Nope, email wasn’t really that commonplace 25 years ago. It existed, but it took longer than that to become common among the general population (which includes a lot of people who don’t use email for work) I know my employer didn’t get real email until 2005, and most of my coworkers had never used email before then.
But if she frequently loses things that are written down, I’m assuming that they are written down on individual sheets of paper- and there’s a simple solution for that. Don’t write this stuff down on individual sheets of paper - use a notebook. I lose things written down on single sheets of paper all the time but I have a notebook with various userids and passwords that’s at least 15 years old.It’s very easy to throw out that sheet of paper with the email info accidentally when getting rid of unneeded papers but it’s much harder to mistakenly throw out a notebook.
I’m in my late '60s, and I’ve taught my kids things.
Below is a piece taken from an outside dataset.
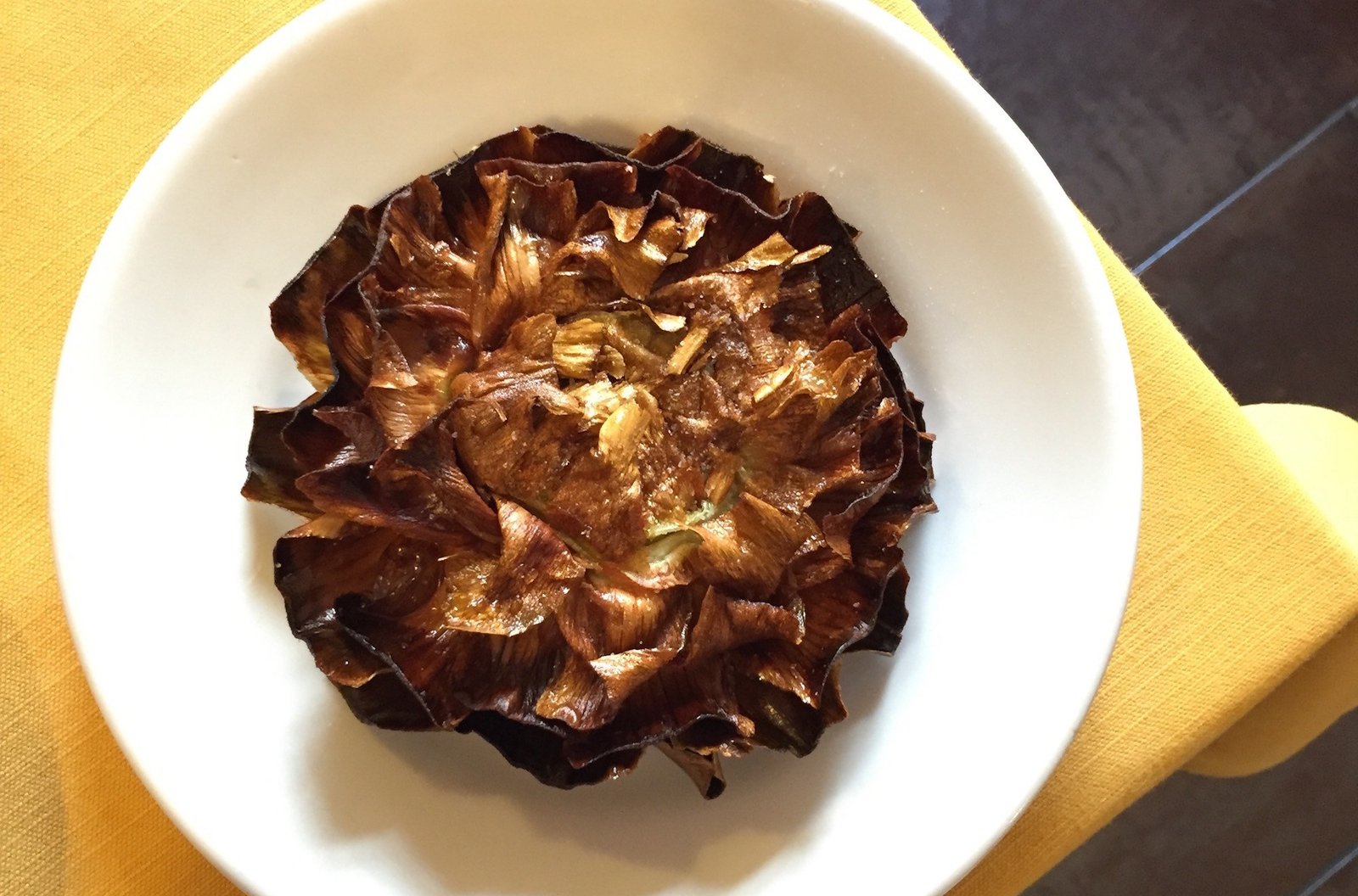 A large fried artichoke on a plate, on the corner of a table.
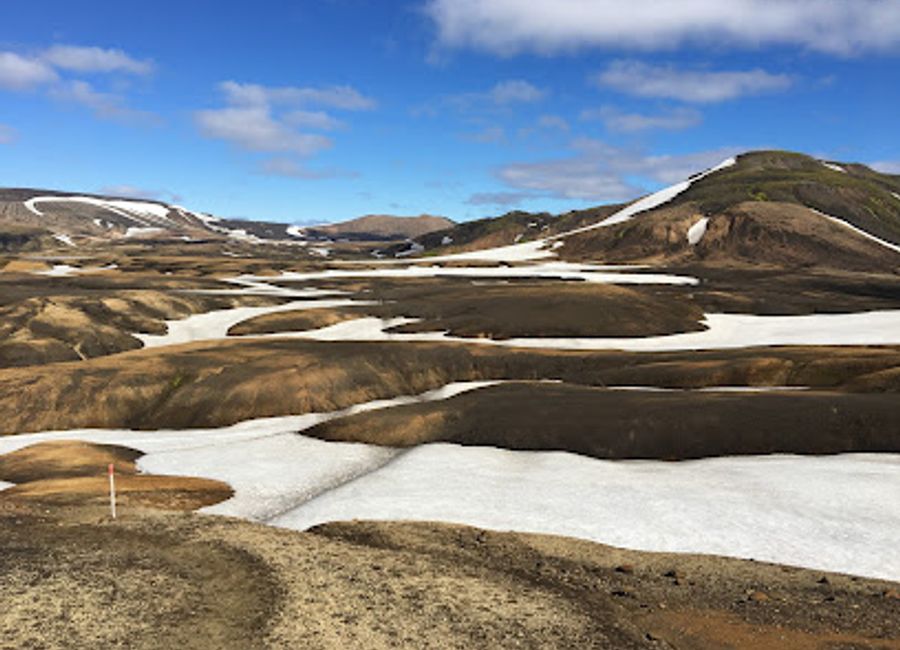Experience the stunning beauty of Hrafntinnusker, a hidden mountain peak in the Icelandic Highlands, featuring unique geological formations and breathtaking views.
From observing how my wife tries to figure computer stuff out (and she is both smart and with it) I think that some people have internal models of how computers work and some don’t. Things obvious to the former are mysteries to the latter. People in the first set can figure out how to do things in new environments, people in the second set get totally confused. So don’t even try to get her to skip a step, write very explicit instructions and expect to be called for each new situation.
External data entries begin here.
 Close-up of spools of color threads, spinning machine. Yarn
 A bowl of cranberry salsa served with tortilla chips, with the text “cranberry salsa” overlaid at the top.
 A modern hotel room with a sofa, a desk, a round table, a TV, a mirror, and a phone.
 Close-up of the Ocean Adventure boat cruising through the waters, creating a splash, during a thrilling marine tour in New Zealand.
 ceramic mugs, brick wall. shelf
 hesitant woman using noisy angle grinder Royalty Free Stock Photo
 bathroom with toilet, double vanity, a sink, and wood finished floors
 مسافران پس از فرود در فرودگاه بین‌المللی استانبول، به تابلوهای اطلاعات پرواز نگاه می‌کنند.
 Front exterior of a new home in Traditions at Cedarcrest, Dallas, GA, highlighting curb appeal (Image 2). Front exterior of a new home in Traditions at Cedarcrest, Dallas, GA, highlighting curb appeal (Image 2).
This sounds an awful lot like my mother in the very early stages of her multi-infarct dementia. Some things were easy (Netflix/DVD players/driving are reasonably intuitive), but new things on the computer were beyond her retentive abilities.
I’ve known a lot of people that don’t know the difference between a computer and a monitor. Or, rather, I think they know that there’s an actual difference, but in their mind, they (or they choose) to just refer to the entire thing as one or the other. In one case, I had a friend that called the computer ‘the modem’. To be fair, that really only comes into play when you’re trying to troubleshoot. "My monitor won’t turn on’ means something entirely different to you than to them.
As for facebook. I’ve found it best to just let people (‘parents’/50s/60s etc) just get on there and figure it out. IME, if you explain to them that typing something ‘here’ means everyone sees it, typing something ‘there’ just replies to something and 'just scroll up and down for and see what you see, they’ll figure it out. The only thing they really need to know, other than very basic security/scam stuff is to assume that whatever they type, anyone can see. Don’t call Jane a slut or she’ll probaly find out.
Now, when I’ve used this method, I’ve told people to ask me if they have a question or concern about how to do something, but, in general, they’re not going to hurt anything by posting a status, or using the comments under a picture of a grandkid to say ‘did you want dateline last night, we need to get together’.
Give them a shot and see what happens. Don’t under estimate what they can do.
ETA, OTOH, I have an aunt that took her hatred for Spectrum to the grave because I couldn’t convince her that it wasn’t actually them that locked up her computer (random call, then she downloaded ransomware). So there’s that too.